Analyzing the alignment of Computer vision systems and human mental representations
The field of computer vision has long since left the realm of research and is now used in countless daily applications, such as object recognition and measuring geometric structures of objects. One question that is not or only rarely asked is: To what extent do computer vision systems see the world in the same way that humans do? Today’s computer vision models achieve human or near-human level performance across a wide variety of vision tasks. However, their architectures, data, and learning algorithms differ in numerous ways from those that give rise to human vision.
In their recent paper “Human alignment of neural network representations”, that was accepted at ICLR2023, BIFOLD researchers Lukas Muttenthaler, Jonas Dippel, Lorenz Linhardt and Robert A. Vandermeulen from the research group of BIFOLD Director Prof. Dr. Klaus-Robert Müller together with Simon Kornblith from Google Brain, investigate the factors that affect the alignment between the representations learned by neural networks and human mental representations inferred from behavioral responses.
Does better classification result in more human-like representations?
Computer vision systems become increasingly used outside of research, but the extent to which the conceptual representations learned by these systems align with those used by humans remains unclear. Not least because the primary focus of representation learning research has shifted away from its similarities to human cognition and toward practical applications.
“Our work aims to understand the variables that drive the degree of alignment between neural network representations and human concept spaces. Thereby answering the question if models that are better at classifying images naturally learn more human-like conceptual representations”, explains Lukas Muttenthaler the focus of his work: “Prior work has investigated this question indirectly, by measuring models’ error consistency with humans with mixed results. Networks trained on more data make somewhat more human-like errors, but do not necessarily obtain a better fit to brain data.”

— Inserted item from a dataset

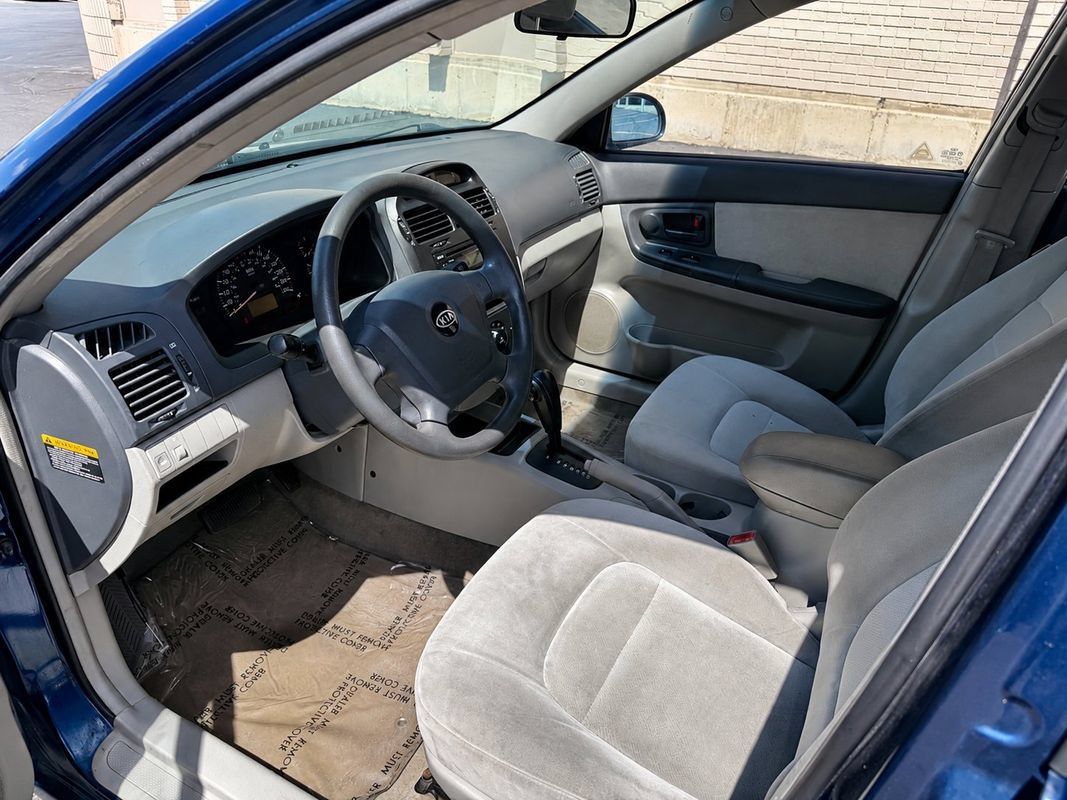 Used 2006 Kia Spectra EX FWD image 9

Scaling is not all you need
The BIFOLD researchers approached the question of alignment between human and machine representation spaces more directly. They focused primarily on human similarity judgments, collected from an “odd-one-out” task, where humans saw three images and had to select the image most different from the other two. “To the best of our knowledge, this is the first study that systematically analyses the differences between a variety of different neural networks and human similarity judgments across three large behavioral datasets, and additionally pins down with which human concepts machine learning models struggle” says Lukas Muttenthaler.
As a result, they found out that scaling the size of models does not lead to better alignment of their representations with human similarity judgments. Differences in human alignment across standard computer vision models are mainly attributable to the objective function with which a model was trained, whereas the specific architecture of a model and its size are both insignificant. Second, models trained on image and text, or more diverse data achieve much better alignment than models trained on standard image datasets. Finally, relevant information for concepts that are important to human similarity judgments, such as animals, can be recovered from neural network representation spaces. However, representations of less important concepts, such as sports and royal objects, are more difficult to recover.
To obtain substantial improvements in the alignment of neural networks with human decisions, it may be necessary to incorporate additional forms of supervision when training the representation itself. Benefits of improving human/machine alignment may extend beyond accuracy on the triplet task, to transfer and retrieval tasks where it is important to capture human notions of similarity.
Human-like representations will be become increasingly relevant
In daily live, many decisions are inherently different from standard image classification tasks, where an image is associated with a single class and all other classes in the data are simply ignored. Humans make choices about many objects simultaneously, which requires a different notion of similarity, something that involves higher-level concepts rather than fine-grained details. “Our research will help scientists across different disciplines (machine learning, cognitive science, neuroscience) to better understand which factors contribute to the alignment between neural network representations and human similarity judgments and to pinpoint relevant variables for designing AI systems that are more human-like. This is getting increasingly important if we use AI systems for image retrieval, self-driving cars, or as chatbots with which we interact on a daily base”, knows Lukas Muttenthaler.
The publication in detail
Lukas Muttenthaler, Jonas Dippel, Lorenz Linhardt, Robert A. Vandermeulen, Simon Kornblith: "Human alignment of neural network representations", Published as a conference paper at ICLR 2023.